Tandis que le colonel Lee occupait ainsi son lointain commandement du Texas, des dissentiments qui existaient depuis longtemps entre les États du Nord et ceux du Sud, avaient pris un caractère nouveau de gravité, et l’on commençait à se demander ce qui arriverait si ni l’un ni l’autre des deux partis n’avait la patriotique sagesse d’entrer dans la voie des concessions. Il nous faut essayer de comprendre quelles étaient les causes de l’antagonisme qui allait bientôt déchaîner la guerre civile sur un pays jusque-là privilégié.

L’immense contrée qui s’est formée peu à peu d’États successivement unis les uns aux autres ne ressemble plus à ce qu’elle était le jour où quelques faibles colonies, repoussant le joug de l’Angleterre, formèrent le novau d’une colossale puissance.

À l’origine, treize États, groupés les uns près des autres, avaient eu les mêmes besoins, les mêmes intérêts, ils avaient été unis par le sentiment de leur faiblesse et par celui du danger de cette faiblesse ; mais le rapide accroissement de leur population, l’envahissement de territoires nouveaux, situés sous des latitudes extrêmes, avaient à la fois créé des intérêts différents ou contraires, et dégagé les esprits d’une crainte salutaire en plaçant la puissance nouvelle au-dessus de n’importe quelle menace.

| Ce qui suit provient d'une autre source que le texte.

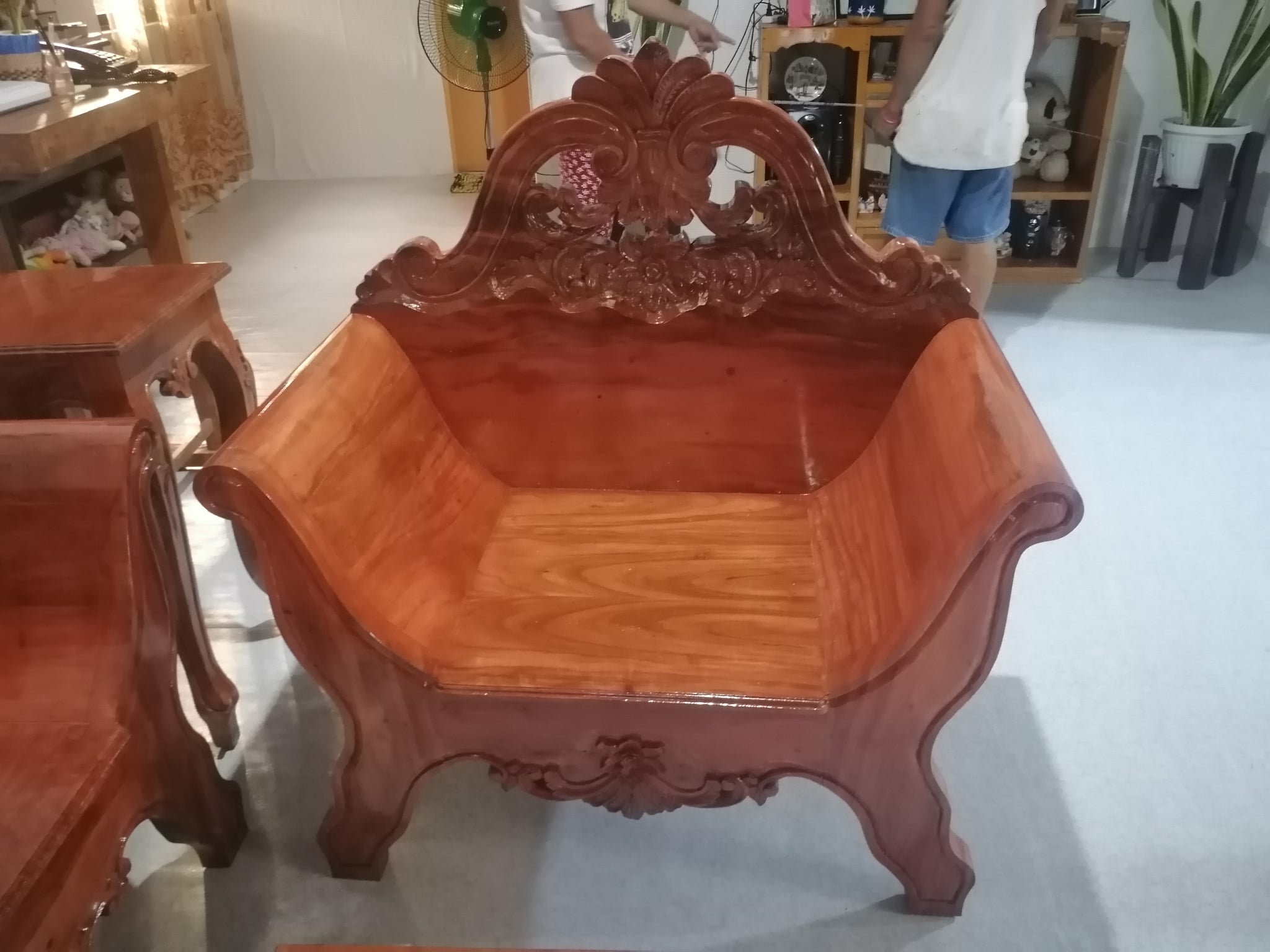 Ornate Carved Hardwood Settee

Comme toute grandeur, l’étendue a ses dangers. Tandis qu’au nord, l’État du Maine partage les brumes de Terre-Neuve ou les longs hivers de Québec, la Floride touche au tropique et s’affaisse sous ses mortelles chaleurs. Autant les mœurs des bûcherons du Nord pouvaient différer de celles des planteurs du Sud, autant différaient leurs intérêts. Ainsi, tandis que les États qui produisaient le coton en réclamaient la libre exportation, les États manufacturiers demandaient des mesures qui retinssent au passage la précieuse denrée et leur permissent de la façonner chez eux avant de la livrer à la consommation du monde entier. Ce n’était là qu’une des questions en litige, mais bien d’autres, d’importance égale, surgissaient chaque jour.

L’habitude de voter de même sur les mêmes questions, avait réuni en un groupe, au sein du Congrès, les représentants des États du Nord, en un autre groupe ceux du Sud ; mais depuis longtemps le premier de ces partis croissait incessamment en force et en confiance, tandis que l’autre restait stationnaire.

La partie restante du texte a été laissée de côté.